▶ _What you should do_:
Using the material below, repeat exactly the lines from the one with "Removing unwanted parenthesis" through the one with "画像1: ヴィンテージ/ドイツ/ガラス/トパーズ/ドロップ/約14×10mm(1個) (1)", ends included, without any images.

▶ _Dataset content_:
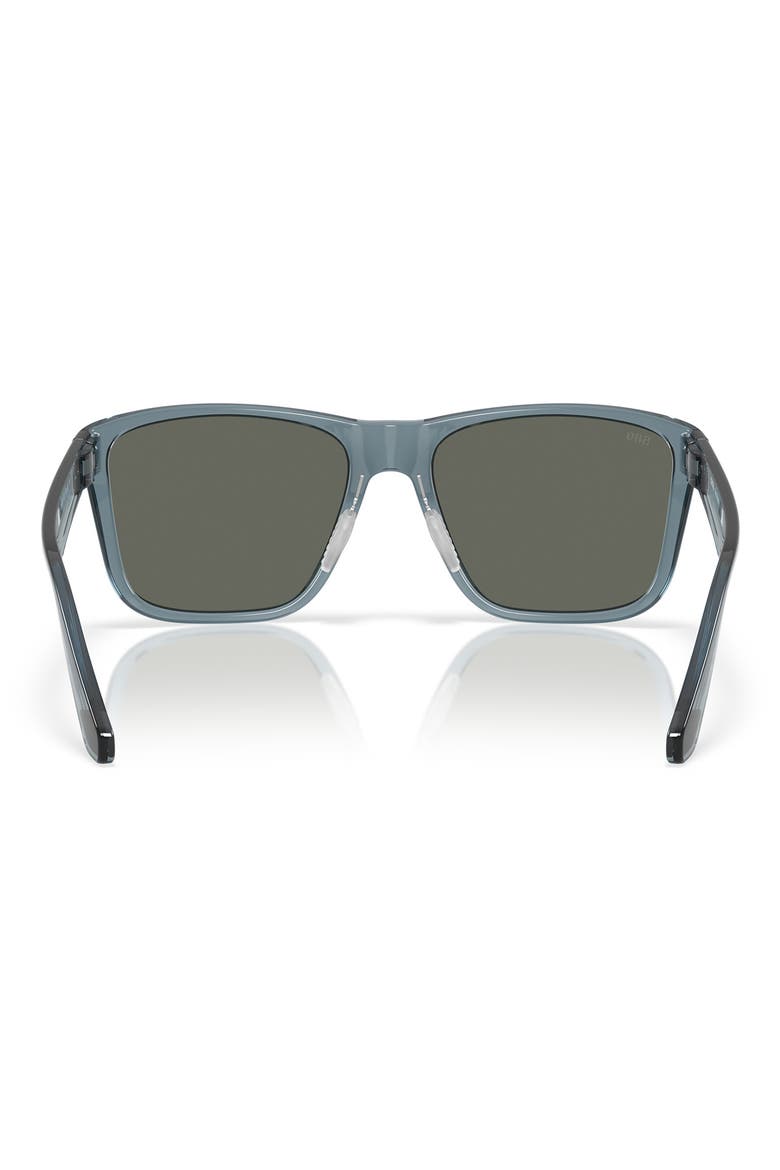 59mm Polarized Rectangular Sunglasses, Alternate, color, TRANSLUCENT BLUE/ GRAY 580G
--
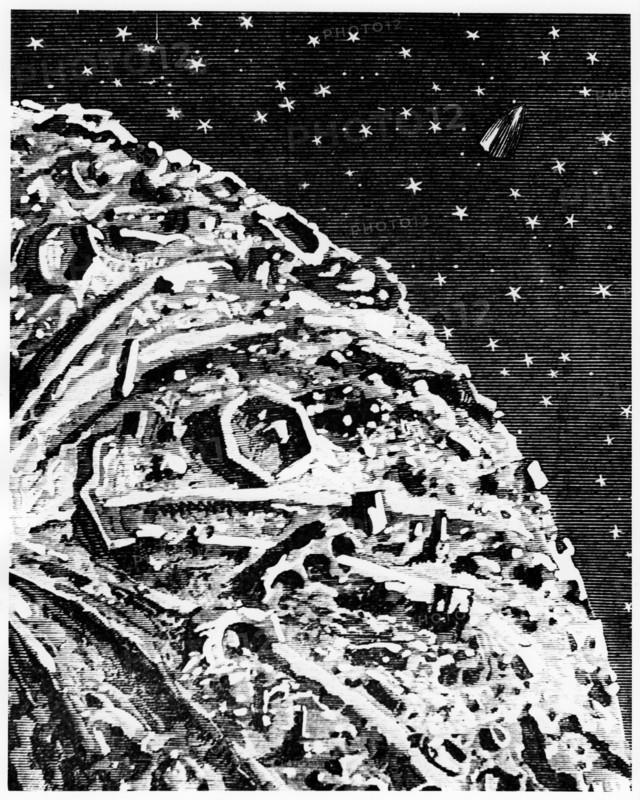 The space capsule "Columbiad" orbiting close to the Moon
* * *
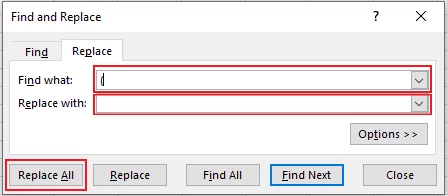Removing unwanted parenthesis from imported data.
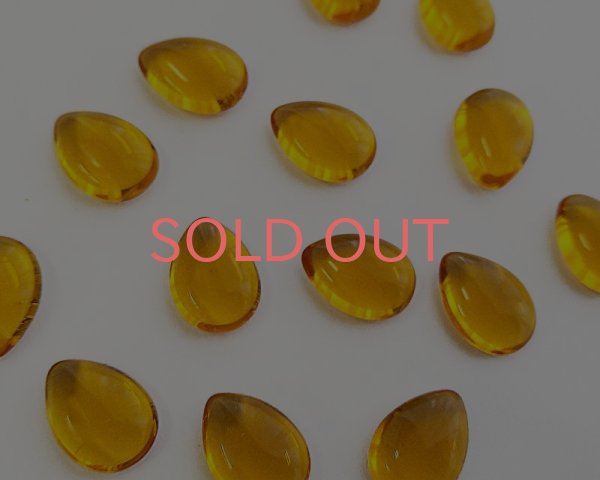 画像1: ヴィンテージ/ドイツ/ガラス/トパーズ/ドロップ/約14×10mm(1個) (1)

▶ _Your response_:
Removing unwanted parenthesis from imported data.
 画像1: ヴィンテージ/ドイツ/ガラス/トパーズ/ドロップ/約14×10mm(1個) (1)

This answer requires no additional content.